DATASET ENTRIES:

* * *

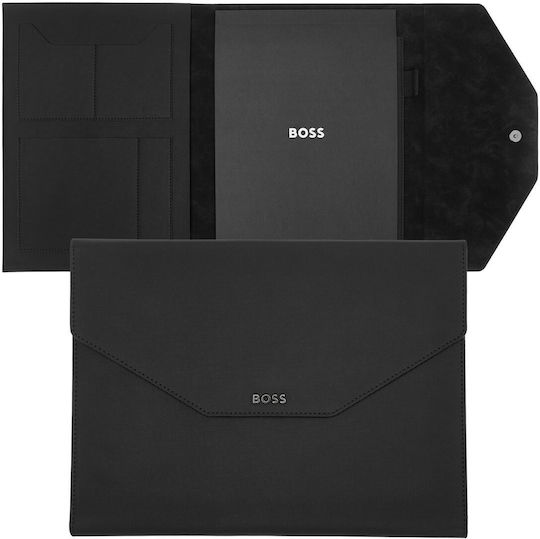 Boss Clipboard Conference for Paper A4 Black Folder 1pcs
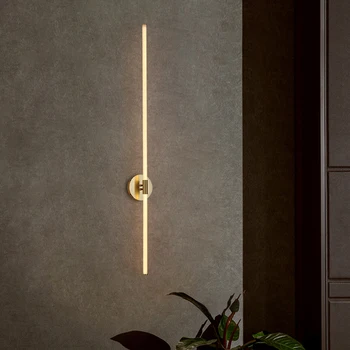 LODOOO Aukso Modernios LED trumpas miegamasis studijų sienos žibintai paprasta, naktiniai staleliai, lempa Kūrybos 360 laipsnių žibintas kambarį Namuose sieniniai šviestuvai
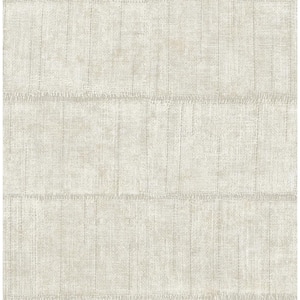 Blake Bone Texture Stripe Paper Non-Pasted Textured Wallpaper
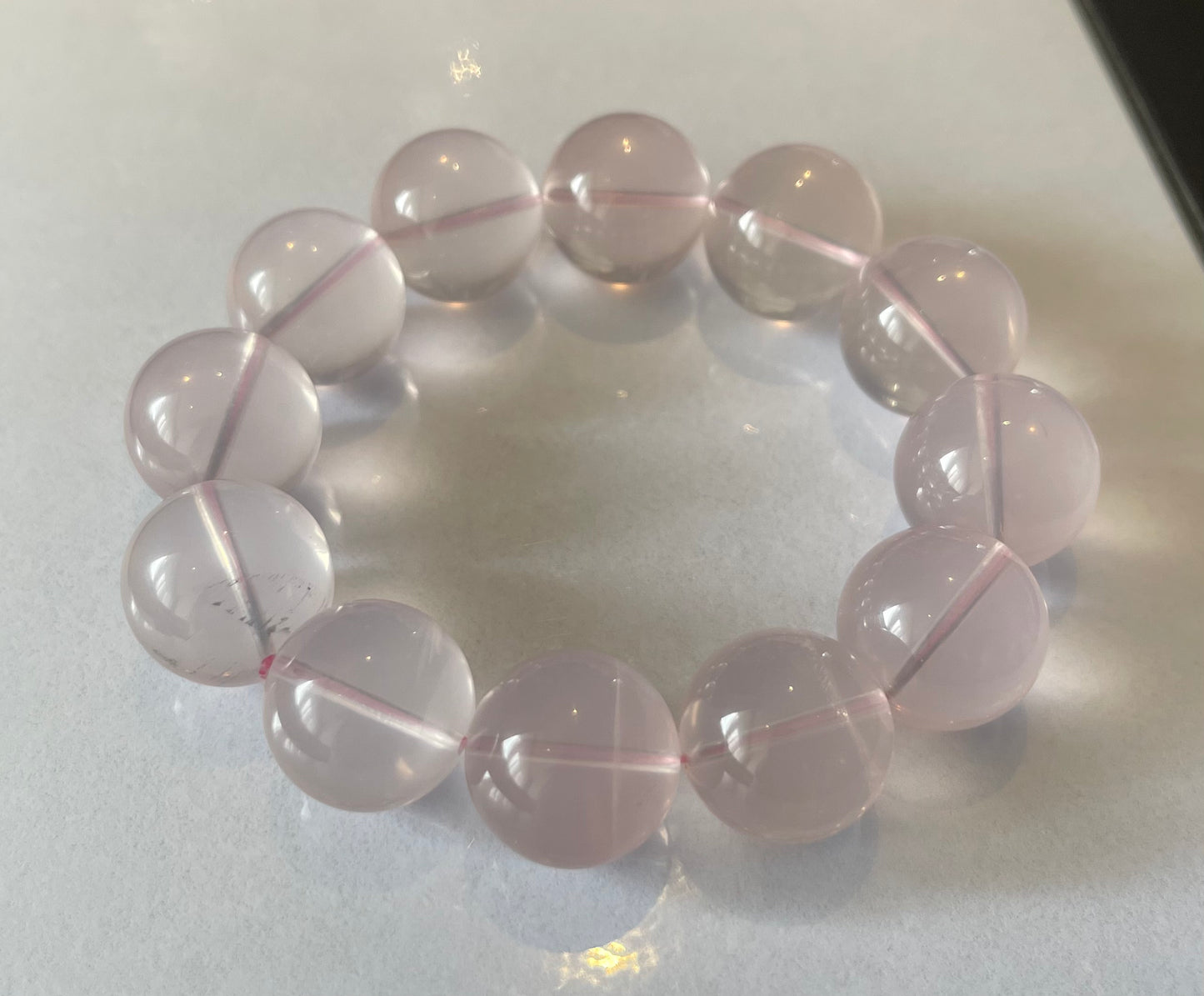 No.27 Limited Edition Dreamy Mist Rose Quartz Bracelet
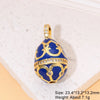 Classic Style Streetwear Geometric Moon Heart Shape 18k Gold Plated Zircon Copper Wholesale Charms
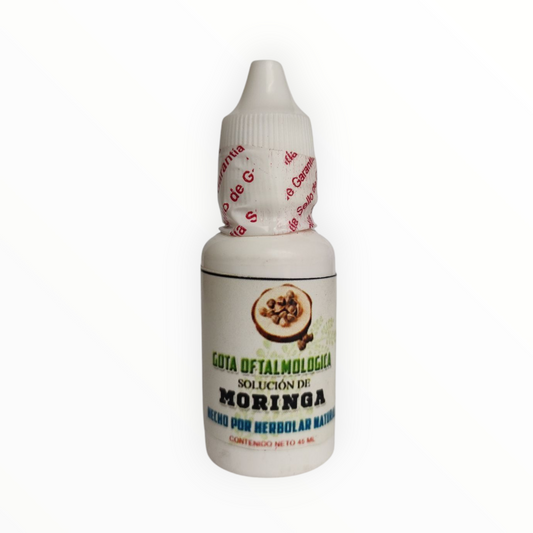 GOTAS OFTALMOLOGICAS DE MORINGA C/45 ML HERBOLAR NATURAL NatuZem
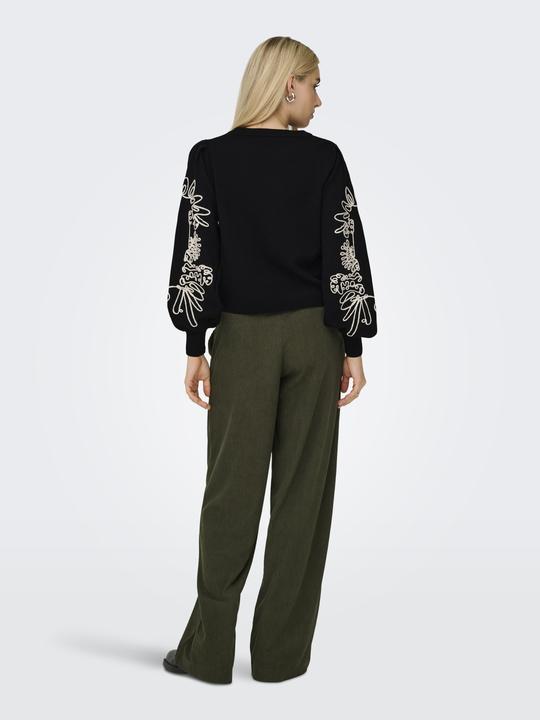 Actual product image Only Onlmagnolia Ls Detail Pullover Knt Noos (S)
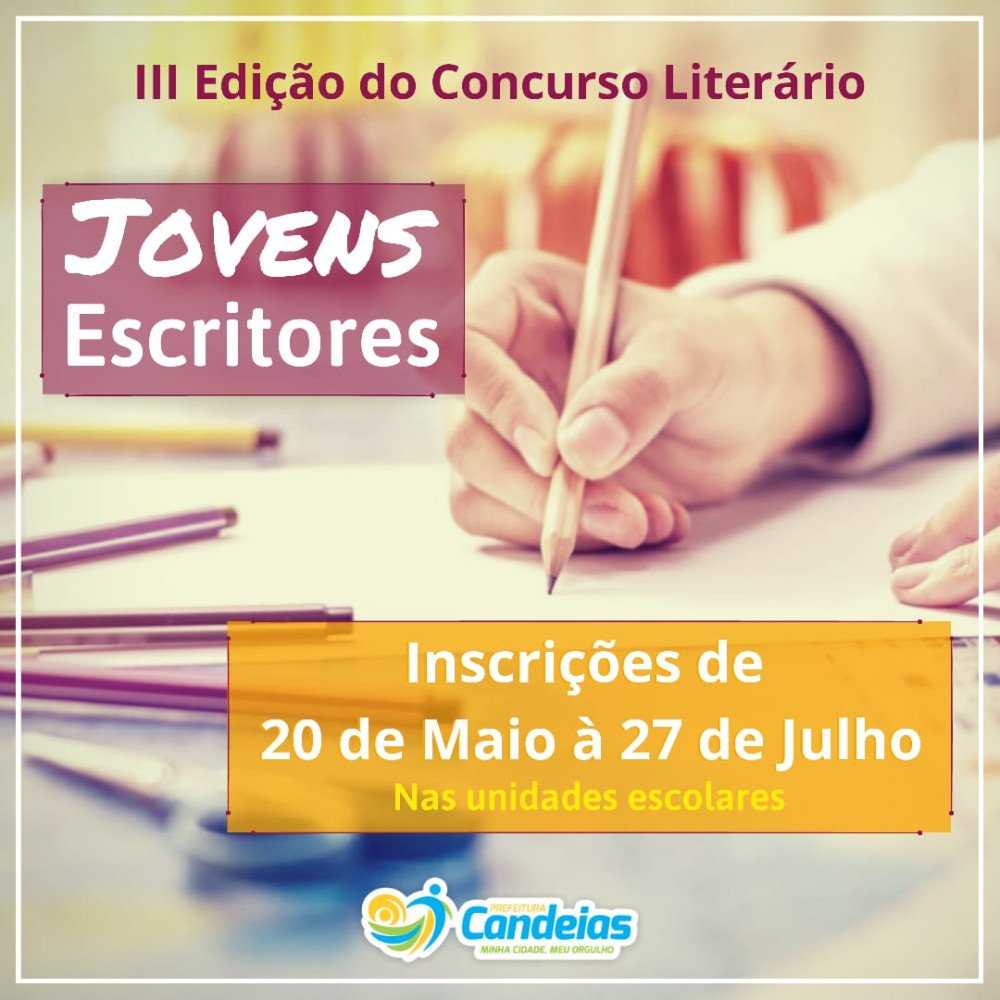 Prefeitura lança 3ª edição do Concurso Literário Jovens Escritores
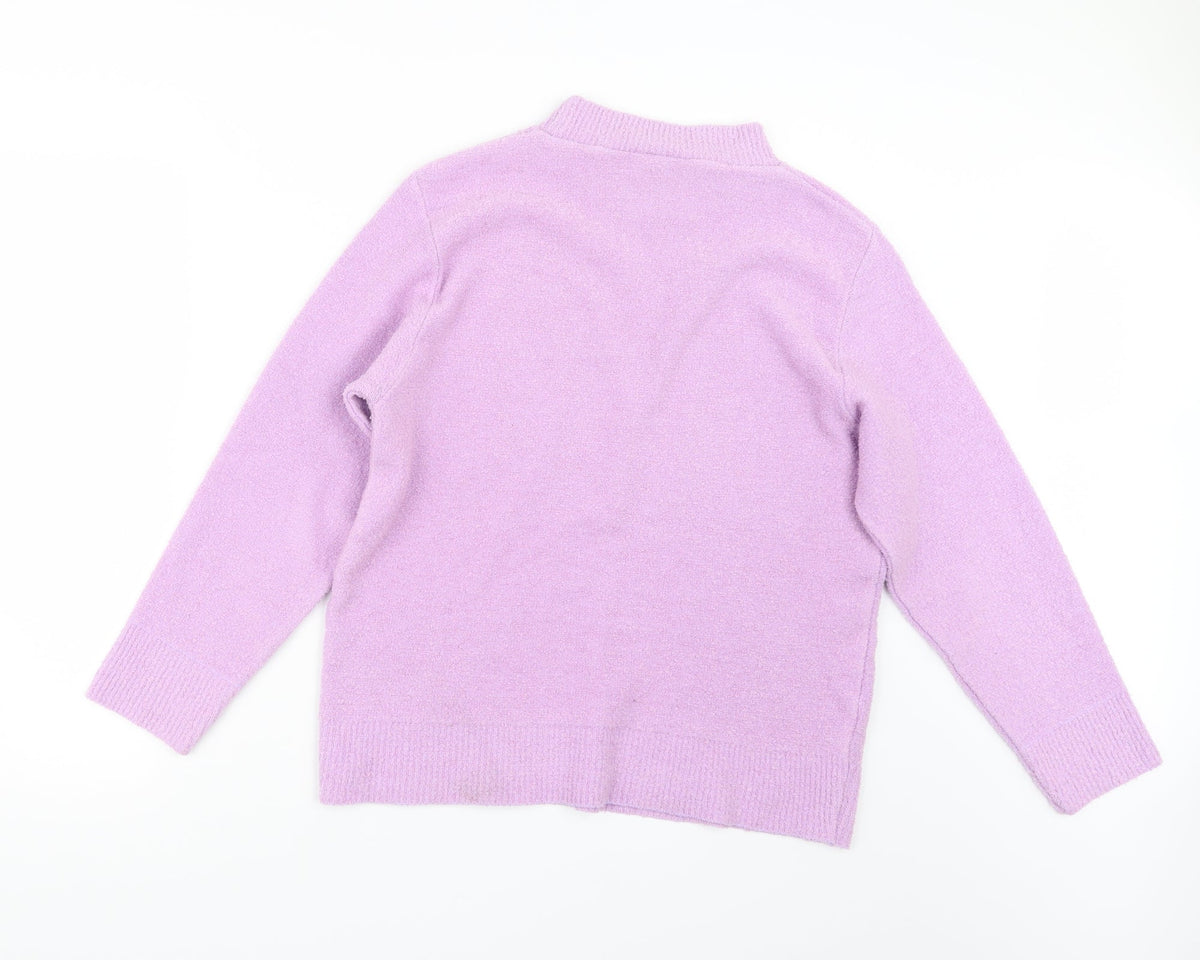 Back view of 4 Me women’s purple knit jumper, size S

* * *

YOUR TASK:
Write out all the records again, exactly, minus any pictures.

PROBLEM SOLUTION:
 Boss Clipboard Conference for Paper A4 Black Folder 1pcs
 LODOOO Aukso Modernios LED trumpas miegamasis studijų sienos žibintai paprasta, naktiniai staleliai, lempa Kūrybos 360 laipsnių žibintas kambarį Namuose sieniniai šviestuvai
 Blake Bone Texture Stripe Paper Non-Pasted Textured Wallpaper
 No.27 Limited Edition Dreamy Mist Rose Quartz Bracelet
 Classic Style Streetwear Geometric Moon Heart Shape 18k Gold Plated Zircon Copper Wholesale Charms
 GOTAS OFTALMOLOGICAS DE MORINGA C/45 ML HERBOLAR NATURAL NatuZem
 Actual product image Only Onlmagnolia Ls Detail Pullover Knt Noos (S)
 Prefeitura lança 3ª edição do Concurso Literário Jovens Escritores
 Back view of 4 Me women’s purple knit jumper, size S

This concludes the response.